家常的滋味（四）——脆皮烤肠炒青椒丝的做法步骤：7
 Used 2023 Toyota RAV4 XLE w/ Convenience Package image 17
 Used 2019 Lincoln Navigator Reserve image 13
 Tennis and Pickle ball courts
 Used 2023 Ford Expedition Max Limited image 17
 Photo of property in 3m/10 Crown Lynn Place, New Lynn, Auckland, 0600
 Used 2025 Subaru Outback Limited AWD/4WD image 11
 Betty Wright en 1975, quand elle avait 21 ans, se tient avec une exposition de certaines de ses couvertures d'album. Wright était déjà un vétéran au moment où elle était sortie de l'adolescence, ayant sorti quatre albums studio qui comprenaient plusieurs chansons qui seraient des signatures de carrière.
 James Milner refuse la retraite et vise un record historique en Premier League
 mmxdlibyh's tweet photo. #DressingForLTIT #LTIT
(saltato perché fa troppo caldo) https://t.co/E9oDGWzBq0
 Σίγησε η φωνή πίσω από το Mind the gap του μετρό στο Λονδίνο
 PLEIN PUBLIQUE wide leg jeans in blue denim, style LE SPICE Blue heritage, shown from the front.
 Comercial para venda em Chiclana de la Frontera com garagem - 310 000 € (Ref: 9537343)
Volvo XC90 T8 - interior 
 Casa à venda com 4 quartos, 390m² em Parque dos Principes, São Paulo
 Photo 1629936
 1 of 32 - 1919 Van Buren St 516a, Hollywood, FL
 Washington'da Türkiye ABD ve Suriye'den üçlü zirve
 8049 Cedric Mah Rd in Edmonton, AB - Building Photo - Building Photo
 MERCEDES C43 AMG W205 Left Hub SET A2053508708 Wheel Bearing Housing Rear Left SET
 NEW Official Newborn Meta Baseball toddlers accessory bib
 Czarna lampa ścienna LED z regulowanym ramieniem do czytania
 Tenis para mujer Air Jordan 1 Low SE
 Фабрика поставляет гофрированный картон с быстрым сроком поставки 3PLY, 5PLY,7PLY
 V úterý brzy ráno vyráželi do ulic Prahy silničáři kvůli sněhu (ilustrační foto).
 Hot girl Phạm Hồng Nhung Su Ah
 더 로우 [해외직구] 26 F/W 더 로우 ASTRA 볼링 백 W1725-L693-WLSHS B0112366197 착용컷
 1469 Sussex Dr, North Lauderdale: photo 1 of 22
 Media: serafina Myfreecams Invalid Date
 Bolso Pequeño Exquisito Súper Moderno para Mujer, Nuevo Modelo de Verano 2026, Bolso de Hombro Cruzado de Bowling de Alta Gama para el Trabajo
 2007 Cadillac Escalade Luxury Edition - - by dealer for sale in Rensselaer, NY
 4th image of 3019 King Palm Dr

===============

- **Your assignment**:
Each line of the data in which the string "Used" appears needs to be copied.

- **Task result**:
 Used 2023 Toyota RAV4 XLE w/ Convenience Package image 17
 Used 2019 Lincoln Navigator Reserve image 13
 Used 2023 Ford Expedition Max Limited image 17
 Used 2025 Subaru Outback Limited AWD/4WD image 11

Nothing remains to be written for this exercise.